The late Jim Gray of Microsoft is credited with the “Fourth Paradigm” concept.  Gray reportedly was keenly aware that the greatest challenges for science are non-technical, human problems:  psychological, emotional and social turmoil; religious conflict; conflicting values, hopes and dreams; matters of love and hate, trust and betrayal, power and powerlessness.  Recognizing this, Process requires a global community that fosters and facilitates change according to chaordic principles, and that fully acknowledges human complexity.   The Process community must seek ways in which to ensure accessibility, fairness, openness, cooperation, and creativity, while taking full advantage of the powerful ICT that are at the core of the Wireless Ready community’s interests.

REFERENCES

ACLA (n.d.) Retrieved April 20, 2010 from http://www.acla.org/acla2010.

Britten, J.  (2009), Internet social networks and co-evolution of a globally shared language, Proceedings of the third annual Wireless Ready Symposium, 4-7.

Chaordic Commons (n.d.) Retrieved February 12, 2010 from http://www.chaordic.org

ChatRoulette  (n.d).   Retrieved April 2, 2010 from http://chatroulette.com

Hey, T.  (2009) The Fourth Paradigm, San Francisco:  Microsoft Research.

Hock, D.  (2000) Birth of the Chaordic Age, San Francisco, Berrtett-Koehler Publishers.

IMDB  (n.d.) Retrieved February 11, 2010 from http://www.imdb.com/title/tt0283900/.

SekaiCamera (n.d) Retrieved January 21, 2010 from http://sekaicamera.com/.

 WeSay (n.d) Retrieved January 11, 2010 from http://www.wesay.org/wiki/Main_Page.

4 thoughts on “Coevolution of a Globally Shared Language (GSL): Is the Process Underway?

    1. I think Esperanto is a work of genius. I’ve studied a bit and admire it. Perhaps Esperantists will contribute to CreoLearth. I hope so. I’ve liked the ones I’ve met so far.

      I don’t think Esperanto will expand much beyond its current size of (at most) a few million speakers. English has become the global lingua franca (ELF). Esperanto cannot play that role. I think we’re now at a stage when we can start talking about going beyond ELF and World Englishes and start co-evolving a beautiful global creole.

  1. We should remember that not everyone speaks English worldwide – 3.7 billion people do not. More people now speak Mandarin Chinese and Spanish!

    The biggest air crash in the World was caused by the failure of English, because of its use as the language of air traffic control! http://www.youtube.com/watch?v=hgrRG6mriLU

    Another near-miss happened in JFK airport, as well. http://www.youtube.com/watch?v=xu3zNFNbRxI

    The decline of English is also seen on the internet. When the world wide web began, 85% was in English. That percentage has now shrunk to 35%.

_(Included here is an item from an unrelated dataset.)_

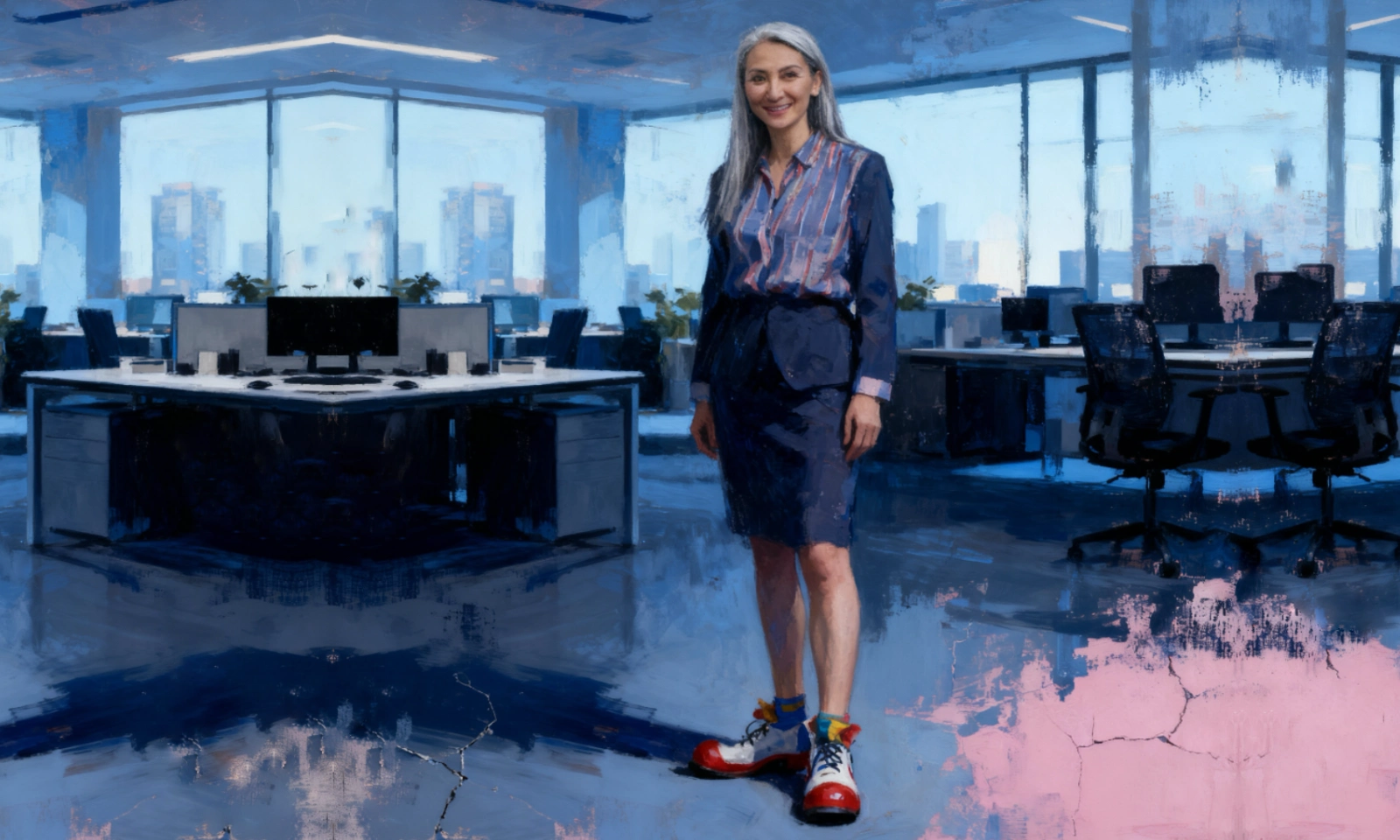 Business executive with clown shoes.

    We need a practical solution and Esperanto is the only sensible long-term one available.

    1. I wish you the best of luck in promoting Esperanto. My own view is that the lingua franca role of English is almost a certainty, and that the problems you cite can be overcome by adequate training of persons who need English for their occupations. As for the increase in other languages on the Internet (a relative decline of English), I think this bodes well for Creolearth, which involves mixing and merging of all the world’s languages.

      Apropos English as a Lingua Franca (ELF) I read not long ago that 200,000,000 children in China are studying English now, about 100 times greater than the total number of Esperanto speakers. These children will be able study at universities worldwide using their hard-earned English knowledge. This is an access to education that Esperanto cannot provide.

      That said, I don’t wish to debate the potential of Esperanto — most speakers I’ve met are true believers totally dedicated to success. Moreover, no one can predict the future. In the event that Esperanto somehow takes a global lingua-franca role, the potential for Creolearth will be unchanged.